沖澤家では、今日のような西洋料理が夕餉に用意された日は、それに合わせて離れの洋館で食べるのが習慣となっている。そして、今日のように父の言葉から食事が始まり、弟がまるで正答のような台詞を返し、母が盛り上げ、萌黄はさも幸せそうに笑うのだ。
これを写実主義の画家が描いたとしたら、どんな絵が出来上がるのだろうか。そこには円満な素晴らしい家庭が描かれるのか、或いは……。少なくとも、萌黄の目には仮初めの家族団欒しか映っていなかった。

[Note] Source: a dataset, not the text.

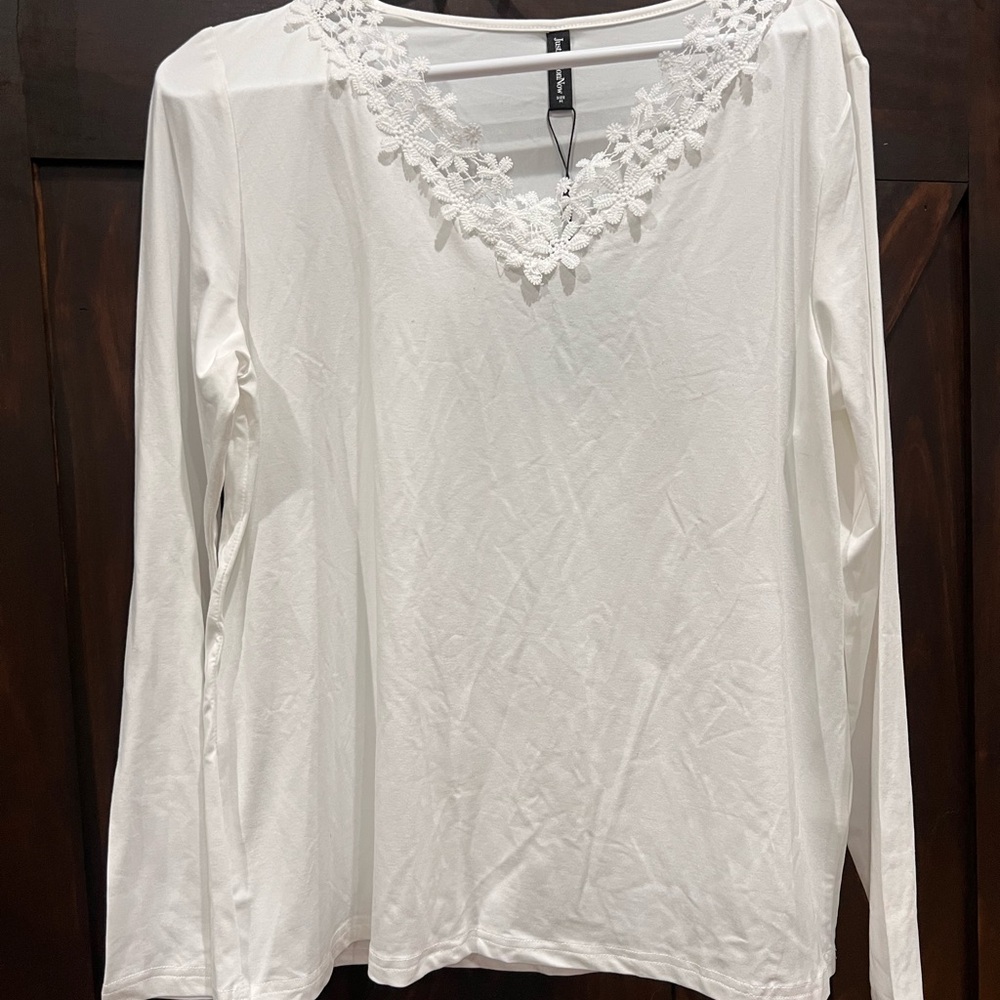 Long Sleeve with Lace Trim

風の吹かない夜だった。窓を開けても、熱帯夜で熱せられた湿気が首回りに纏わりつくようで、何とも言えぬ不快感が消えない。行儀が悪いと思いながらも、着物の衿を少し持ち上げて、文机に置かれた団扇を手に取り、襦袢の中に風を送るように扇いだ。
束の間の爽快感で、思わず笑みが漏れた。それでも流れる汗は止まらず、顎を上げて更に奥へと団扇を降った。
「お姉様、お加減如何ですか。」
襖の向こうで伊時が呼びかけた。
萌黄が振る手を休めず、大したことはない、と告げると、それを許可と見なした伊時は部屋へ入った。

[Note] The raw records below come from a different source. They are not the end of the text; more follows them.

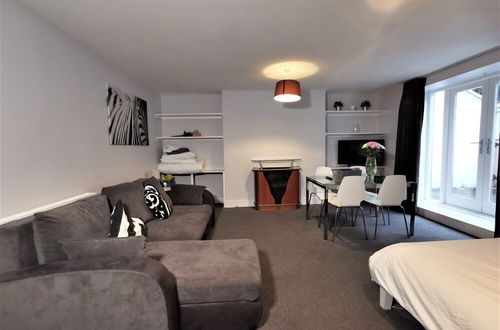 Foto 14 - Spacious 2 bed flat in Camden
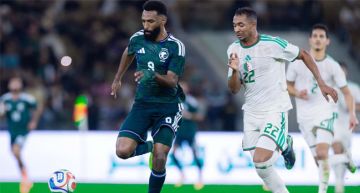 سالم الدوسري يدخل نادي المائة.. الأخضر يخسر أمام الجزائر بثنائية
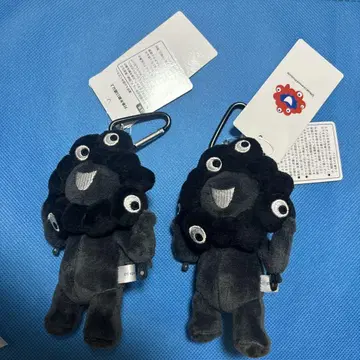 블랙 미야쿠미야쿠 카라비너 포함 마스코트 스탠딩 2개 세트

萌黄はつんと上げた顎もそのままに振り返り、背後に立つ弟を流し見た。庇に結った髪の下に伸びる、その白い項には、一縷の汗がつうと滴る。
伊時はごくりと唾を飲み込み、素っ気なく視線を書棚に移した。
「その……ほんまにどうもないんか?」と思わず訛りを出してしまったのを取り繕うように、伊時は続けた。「萌は肌の色が白いから、時々酷く顔色が悪く見える。」
弟は今年十七歳になる。華族が無償で入れる学習院高等学科に、自宅から通っている。“男女七歳にして席を同じうせず”の古いしきたりは、まだ根強く残っていたが、父は伊時を寄宿舎に入れようとせず、同じ母屋に住まわせていた。
それもこれも、伊時が養子であることにも関係しているだろう。
伊時は、齢十二までは七倉伊時といって、京で暮らしていた。時が明治に移り変わってからも、帝の帰りを信じて待ち続けた公家華族の一つだった。
御一新前の名家であり、笛を家職としていたが、家職が廃止されると、元々家禄の少なかった七倉家は収入源を絶たれて、忽ち貧困に喘いだ。
七倉家の三男であった伊時は、家督も継げず、戸籍を出れば平民になってしまう。それならばと、遠縁であり男児のなかった沖澤家へ養子に出されたのである。遠縁と言っても、本当だか嘘だか分からないくらい大昔の、家系図の端に曖昧に記されたものであった。体の良い口減らしであったのは、伊時も承知している。